Let's check the power of the sample of white noise:

In [365]:
power_wn = np.sum(np.abs(example_whitenoise))/500

And the spectrum

In [366]:
fourier_whitenoise = np.abs(np.fft.fft(example_whitenoise)**2)
freqs = np.fft.fftfreq(fourier_whitenoise.size, 3/500)
idx = np.argsort(freqs)[250:]
plt.plot(freqs[idx], fourier_whitenoise[idx])
[<matplotlib.lines.Line2D at 0x1042e5fd0>]

Lets now shape the filters and add the white noise. Recall the first plot. We want a filter with the following specifications:

  • lower cutoff: 0 rad/s
  • upper cutoff: 2π rad/s
  • peak frequency: 4π rad/s
In [367]:
x_c = np.linspace(0, 4*np.pi, 500)
plt.plot(x_c, x_c)
plt.plot(x_c, -x_c+4*np.pi)
plt.xlabel("Frequency (rad/s)")
plt.title('A Simple Triangular Filter')

So the green line has a y intercept of 4π. Thus we need to scale the power up to 4π.

In [368]:
scale_factor = 8*np.pi/power_wn
In [378]:
filtered_result = scaled_whitenoise*5-uppergrad+lowergrad
plt.plot(x,filtered_result,label="triangle filter")
plt.xlabel("time (s)")

Looks quite noisy but lets look at the fourier response:

In [379]:
fourier_final = np.abs(np.fft.fft(filtered_result)**2)
freqs = np.fft.fftfreq(fourier_final.size, 3/500)
idx = np.argsort(freqs)[250:]
ax1 = plt.subplot(211)
ax1.plot(freqs[idx], fourier_final[idx], label = "filtered")
ax1.set_xlabel("Frequency (rad/s)")

ax2 = plt.subplot(212)
ax2.plot(freqs[idx], fourier_unfiltered[idx], label = "original")
ax2.set_xlabel("Frequency (rad/s)")

It Works! as you can see the frequency response of the peak at 27 rad/s is completely subdued.

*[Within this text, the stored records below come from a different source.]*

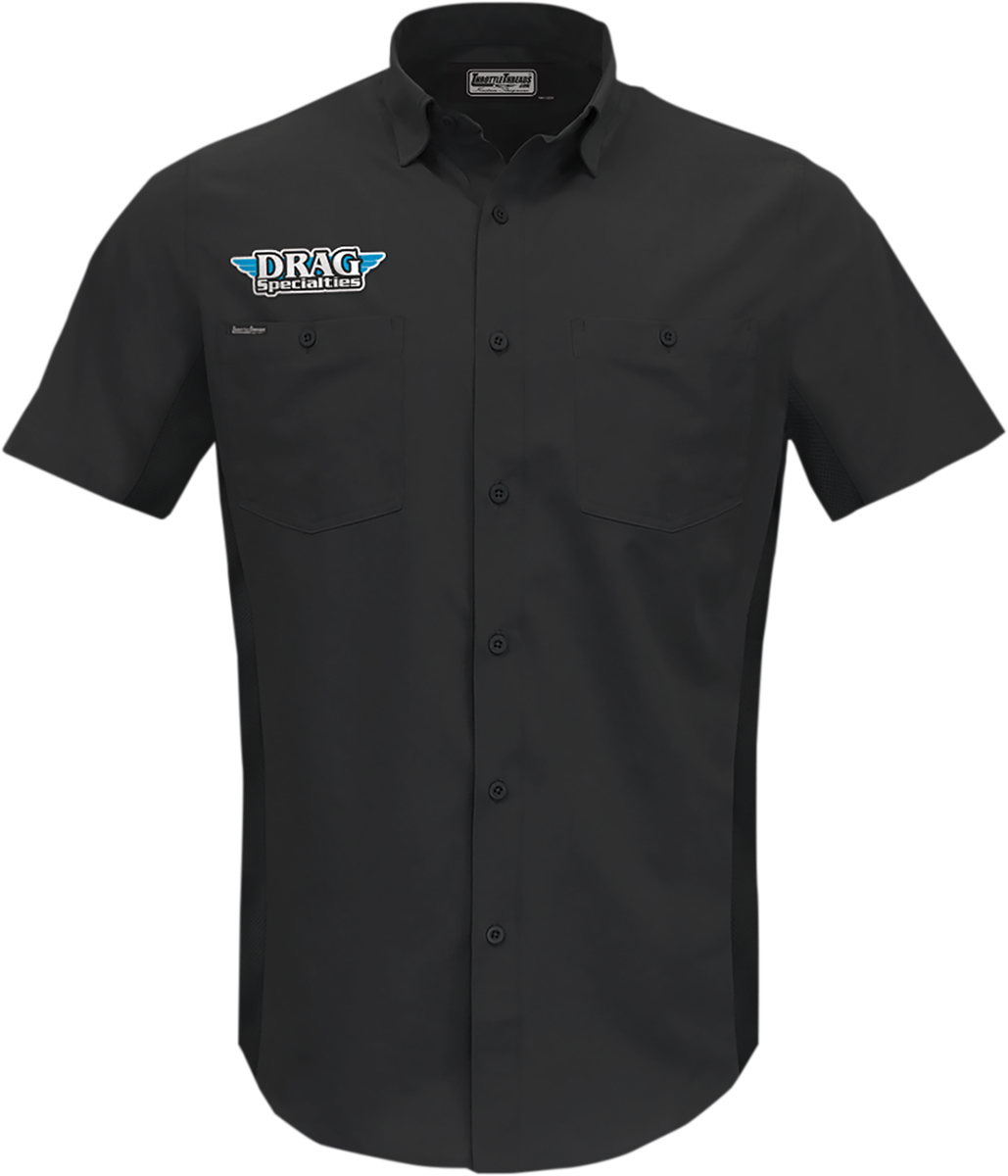 THROTTLE THREADS Drag Specialties Vented Shop Shirt - Black - XL DRG31ST26BKXL - Cycle City Outdoors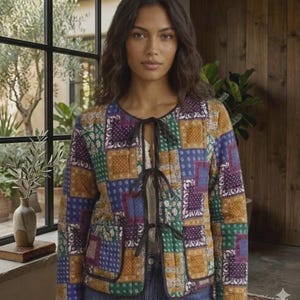 Peut inclure: Une veste matelass&eacute;e pr&eacute;sentant un motif patchwork color&eacute; de motifs cachemire et floraux dans des tons de violet, vert, or et bleu. La veste poss&egrave;de une encolure ronde, des manches longues, deux poches avant et trois attaches &agrave; ruban noir.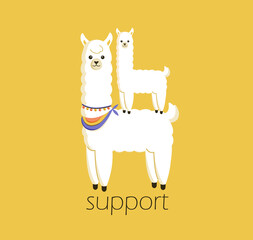 Helping others. Happy big white lama supporting baby lama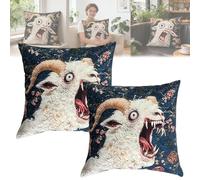 rialgirw Screaming Goat Pillow Cover, Screaming Goat Pillow, Funny Couch Pillow Covers Decoration, Living Room Sofa Cushion Shell, Home Dorm Accessory (#B,2PCS)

In fact the peak that is most prominent at 2πrad/s, followed by a smaller peak at 5 rad/s, demonstrating the triangular nature of the filter. Theres a bit of leakage but thats you're butterworth filter at work. Nothing to be done about it :(.


Here we developed a way to estimate a triangular filter bank which could be used in calculating the MFCCs of a signal. However there are a few glaring mistakes. Firstly, most implmentations of a FFT use a periodogram, not a a normal fourier spectra to calculate the coefficients. Secondly the butterworth filter here is in itself a bit expensive to implement and leads to a fair deal of leakage.